Midnight Screenings: Shocker

With the new Scream out in theaters, I decided to double-up Midnight Screenings this week and pair my exploration of the meta-critical Gremlins 2 (anticipating the new Matrix) with Wes Craven’s Shocker, his most unheralded exploration of media logic, and in many ways a more interesting and fearless work than his original, genre-redefining Scream.

Shocker is, to be clear, quite a bad movie by any reasonable standard. But it feels so perfectly and obviously like the film that writer-director Wes Craven, a philosopher who became a porn director who became a horror film director despite not watching movies growing up, wanted and maybe needed to make to show those bastards cannibalizing his beloved Nightmare on Elm Street franchise in the late ‘80s, that I can’t help but find it a worthwhile experience.
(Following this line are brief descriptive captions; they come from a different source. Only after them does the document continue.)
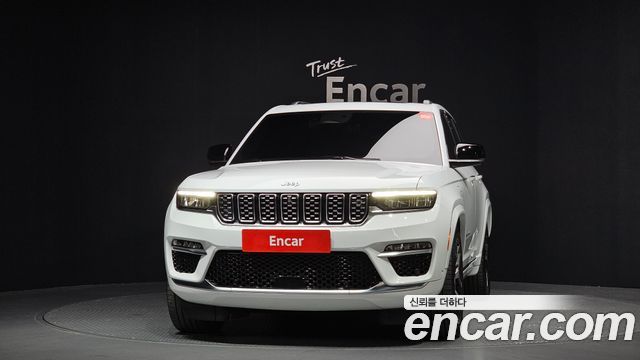 Jeep Cherokee из Кореи Encar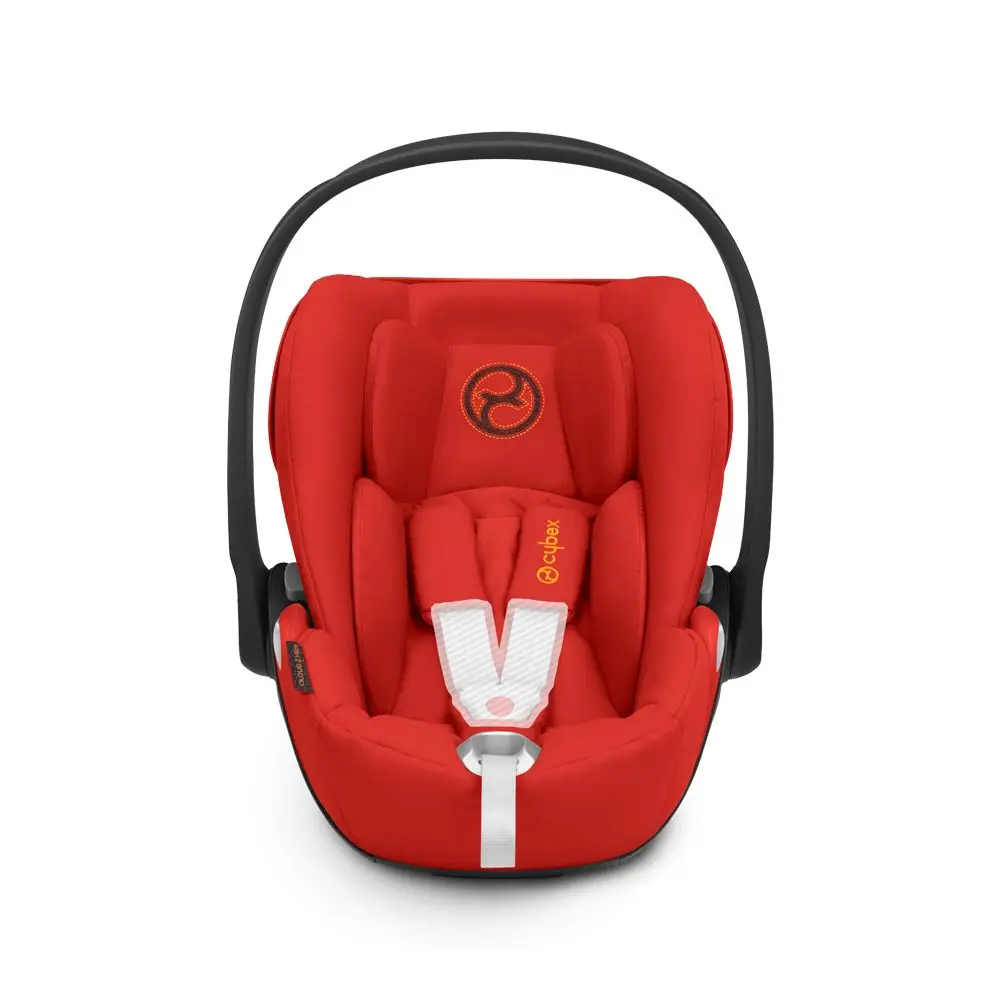 Cybex cloud q ferrari deals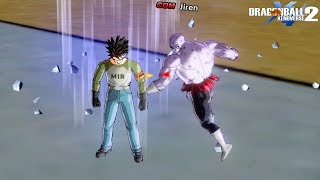 Android 17 Ranger's Clothes for Cac | Dragon Ball Xenoverse 2 MODS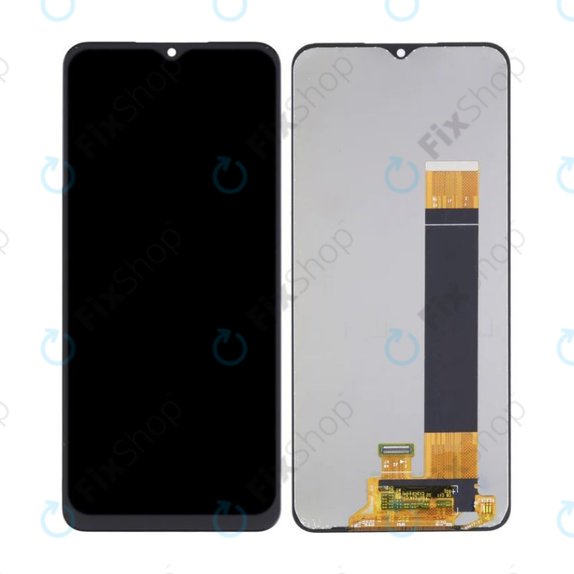 Οθόνη με οθόνη αφής για Samsung M31, M315F, Aftermarket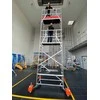KRAUSE RUSZTOWANIE CLIMTEC KOMPLETNE 7m ALUMINIOWE BAZOWE+ 2 KONDYGNACJE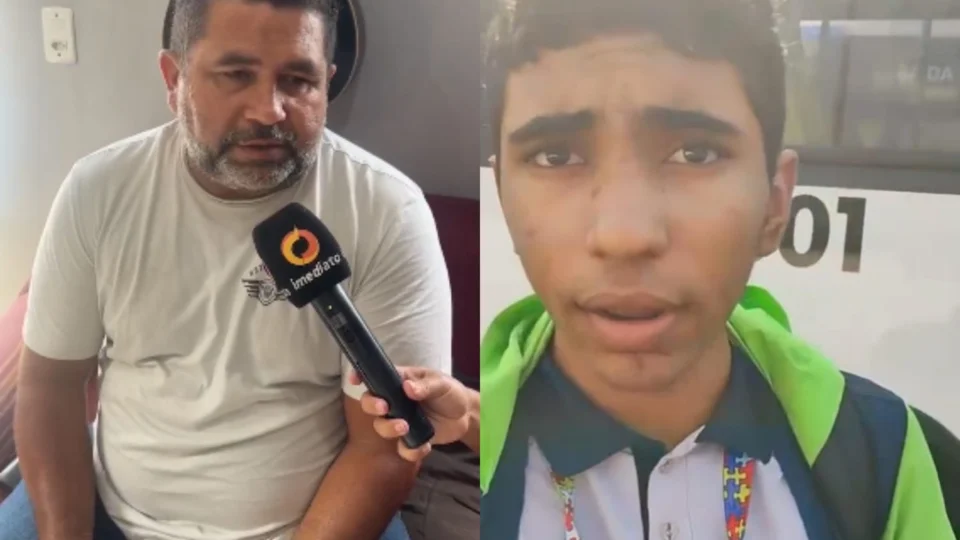 Adolescente autista é impedido de usar assento preferencial em ônibus de Manaus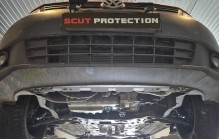 Aluminiowa płyta pod silnik VW Caddy (2011-2020)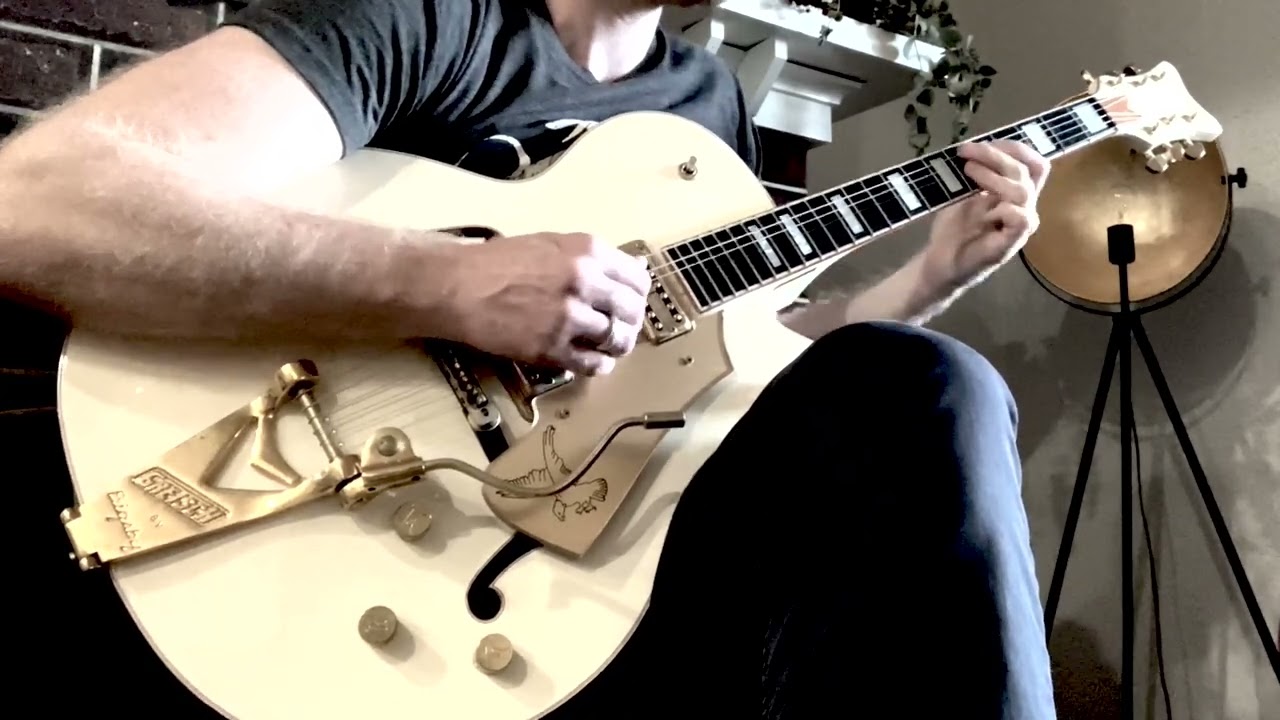 Mr. Sandman - guitar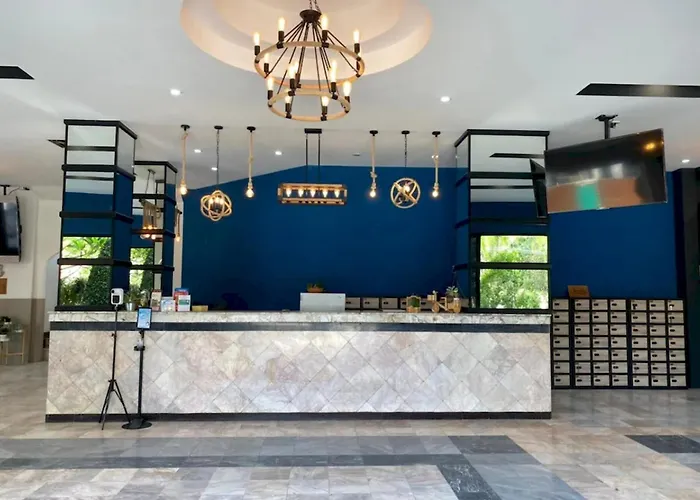 Jomtien Longstay Hotel - Sha Plus Certified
If Nightmare explored main-street U.S.A.’s dark underbelly as evocatively in the mid-’80s as any director not named David Lynch did, Shocker clearly wants to interrupt its strange candy-coated offspring, the paranormal slashers of the late ‘80s, less through critique than entropic explosion. Shocker is no more narratively or thematically coherent than any of those films, but it goes far out of its way to make a virtue of its chaotic and inexplicable narrative logic, equal parts dream theater and surrealist televisual channel-flipping, that it’s perversely difficult to turn away from. Recreating the addled meta-logic of changing the TV channel, half asleep at two in the morning, this is supernatural slasher cinema run amok all over your eyeballs, fluid cinema’s revenge on liquid television.

Nominally, Shocker is the story of all-American football player and high school student Jonathan Parker (Peter Berg) who develops an inexplicable relationship to serial killer and electrician Horace Pinker (Mitch Pileggi) who, and I mean this exactly as I’m writing it, manages to become electricity in the middle of the film, obviously complicating the elaborate cat and mouse game the two play with one another. Really, it isn’t much of a story at all and, when it is, it’s the story of Craven’s own frustration with his hellish offspring. Craven had already directed one of the most popular and best horror films of the ‘80s (and one of the best of the ‘70s in The Hills Have Eyes) and watched it slip away from him in a series of increasingly deluded sequels (although Nightmare II’s psychosexual urges and slippery narrative logic to rhyme with Halloween III’s paranoid corporate nightmare and Friday the 13th Part V’s truly intoxicating pile-up of neo-realist portraits). But in a few short years, Nightmare’s Freddy Kreuger had been turned from a cold-hearted, comically sadistic killer into Bugs Bunny with a skin condition.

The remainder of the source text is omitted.